This image depicts what the tramway line is expected to look like in the Saint-Roch sector of Lower Town.
Image from Ville de Québec
Peter Black, Local Journalism Initiative reporter
peterblack@qctonline.com
Buoyed by a unanimous vote of support from the National Assembly and the signing of a contract for infrastructure work on a key stretch of the system, the mayor of Quebec City has issued a detailed update on the project’s progress to date.
In a Sept. 21 statement, Mayor Bruno Marchand said, “We have been talking about the tramway as a project for years, but we forget to say that it is already becoming a reality every day. This is a project that is already stimulating the region’s economy and will help accelerate our city’s preparation for climate change.”
The statement noted more than $341 million has been spent since 2020 on planning and preparatory work. “These amounts are part of activities authorized by the government for a total of $924.6 million,” the statement said.
The latest contract signing is for $12 million to Stantec, a Montreal-based engineering services company, to design and plan the shift of municipal infrastructure and utility networks – natural gas, electricity, cable and phone lines – along a four-kilometre stretch of Boul. René-Lévesque, from the eastern limit of the Université Laval campus to Ave. Turnbull.
Two of the three major partners in the project have already been chosen – Alstom for the rolling stock and maintenance, and CSiT for the centralized technical management of the various operating systems.
The third and largest contract is for the construction of much of the actual tramway instructure. The two bidders are expected to submit their proposal by the Nov. 2 deadline. The city has said if it does not like the proposals it will undertake much of the work itself with in-house expertise.
Once the amount of the infrastructure contract is known, city officials say they will be able to calculate the revised overall cost of the project, estimated at $3.3 billion when the initial version of the plan was first announced in 2018. Accounting for delays and inflation, the cost is expected to be well beyond $4 billion.
Part of the “reality” to which the mayor referred is the “major achievement” of the completion, by the end of the year, of an estimated 60 per cent of the transfer of technical networks on either side of the tramway platform. As the statement explained, moving the network will “make it more reliable and avoid service interruptions in the event of a breakdown.”

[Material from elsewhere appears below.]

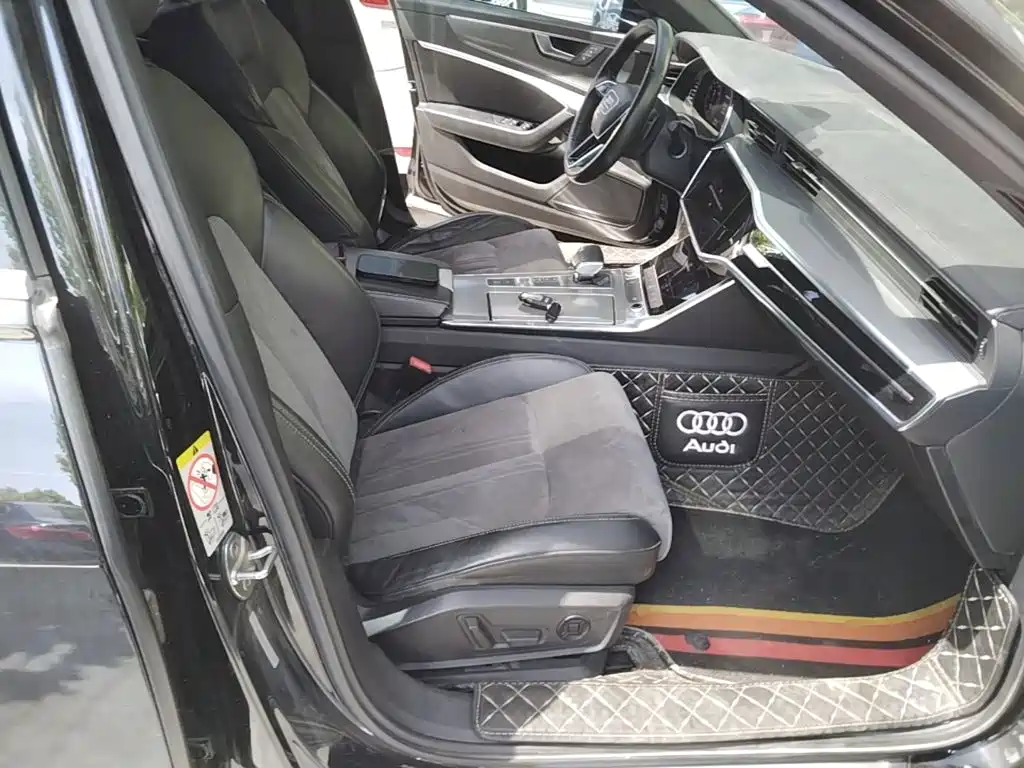 Audi A6L — миниатюра 25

The soon-to-be-completed work is mostly in the Le Gendre sector, Chemin des Quatre-Bourgeois, Boul. Laurier and the Saint-Roch and Vieux-Limoilou districts.
The city notes, “In addition, these interventions make it possible to bury the overhead wires still present in the routes taken by the tramway while ensuring an upgrade of the infrastructure according to the future development of the city.”
The tramway project also gives the city the opportunity to replace and update some 84 km of water and sewer lines. “These new infrastructures will also meet current environmental standards and will be adapted to forecasts of climate change such as increased precipitation,” the city says. To date, a 10th of such work has been completed.
Reinforcing the “reality” of the tramway project in the face of rising costs and eroding support in polls, Québec Solidaire proposed a motion in the National Assembly Sept. 21 to endorse the scheme. The motion passed unanimously.
In another tramway development, the city announced it is speeding up the process of acquiring properties adjacent to the tramway line. In a Sept. 15 news release, the city said it will be moving to expropriate, where necessary, pieces of private property, 90 per cent of which are partial strips.
To date, the city has come to agreements with owners for some 205 of the 415 parcels it needs. In the release, the mayor said, “The time has now come to complete the acquisitions required for the construction of this essential project for our city. Expropriation is a common legal procedure in large infrastructure projects. It will ensure that we are well placed for carrying out the work.”